After a very lenghly lapse, I am returning to Week 9.  I got stuck here because I was dreading the podcasting portion.  Hopefully I can get these last 3 things done and be finished.

I can see why the school blocks these videos on UTube.  Although the Librarian’s manifesto has some noble ideas involving free spirit, the topless dancer had a bit too much “free spirit.”  Also, in the Ninja librarian, a rude cell phone user uses the “f ” word in conversation and then gets his neck broken.  Conan the Librarian cleaves an overdue patron in two.  There’s just too much stuff a student could accidently stumble across.

I loved “The Book” but had seen it previously from an e-mail.

I have found some fun and useful videos on Teacher Tube.  One of my favorites is the “One Semester of Spanish, Spanish Love Song.”  http://www.teachertube.com/view_video.php?viewkey=8e41d825d24714e85165  I can relate to it because after 4 years of Spanish, I can only say things like, “Me gusta la biblioteca.”  Someone sent me the link on UTube to watch at home, but I searched on Teacher Tube and luckily found it there, so I could pass it on to our Spanish Teachers.

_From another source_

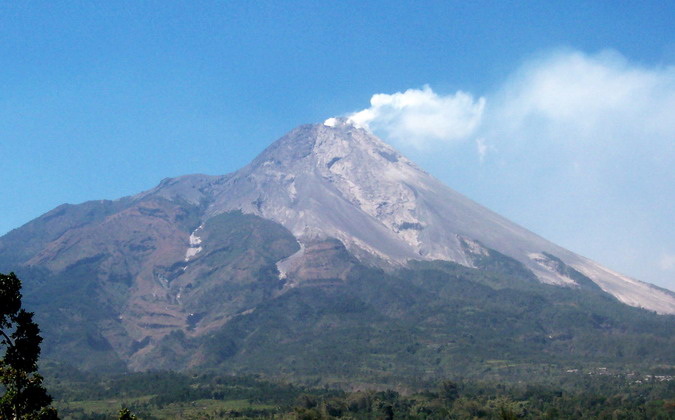 Fakta dan Mitos Gunung Merapi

While researching booktalks, I found some really good video booktalks out there.  A film school in Florida is making some awesome booktrailers.  Digital Booktalks from the University of Central Florida:

http://www.dm.ucf.edu/~dbooktalk/new_site/search/?browse=all

I feel so proud of myself for figuring out how to embed the video!

Week #8, Thing 19

Library Thing

I explored Libray Thing back during week 5.  I catalogued some books and added a widget.  I saw another school library using library thing to promote new books on their website, which was kind of cool, but we are locked in to a template on our school website.

Of course, Library Thing is blocked at school due to the “social networking” aspect.  I like bookcrossing, which has similar features, plus you can release books in to the wild and see if someone else picks it up and wants to comment on it. 

Week #8, Thing 18

Online Productivity Tools

I created a document in Zoho, but it had some kind of fatal error, and I had to quit out.  It did save my document, though.  That was nice.  Especially at school, we have so many Internet problems, I don’t think this would save me time.

I like the IDEA of these tools, but since we have the license for Microsoft Office, and all my documents are created there, I’m not ready to learn a new system and abandon the old.  I do think this is really cool for our students who can’t afford to buy MS office or other word processing tools.  I also like the ability to work on the same document at any location, especially since I work on multiple computers. 

It is kind of scary though, putting your documents in the hands, or should I say server, of someone else.  What if this .com goes bust and all your documents are lost?  I just don’t know if I could trust them.  What if they get bought out by another company and decide not to be free anymore and start charging a fee if you want to keep your documents (kind of like holding a hostage?).

I don’t see the advantage of posting the document as a blog post.  Why not just post to your blog?  Why the extra step of going through Zoho?

Anyway, I guess I’ve just read too  much futuristic fiction and start thinking about all the things that could happen from making so much stuff public.  All these people with blogs telling anyone who will listen what’s going on in their lives.  They’re already talking about college applications and future employers looking you up to see what’s on your myspace account.  What if some ultra-conservative government took over someday, and used the information against you?  This is just speculation.  I just finished reading Extras by Scott Westerfeld, and it takes place in a futuristic Japan where there economy is entirely based on a popularity system.  Whatever “face ranking” you have is determined by how many people watch your “feeds.”  It’s like the blogging community taken to the extreme.  It was an interesting concept.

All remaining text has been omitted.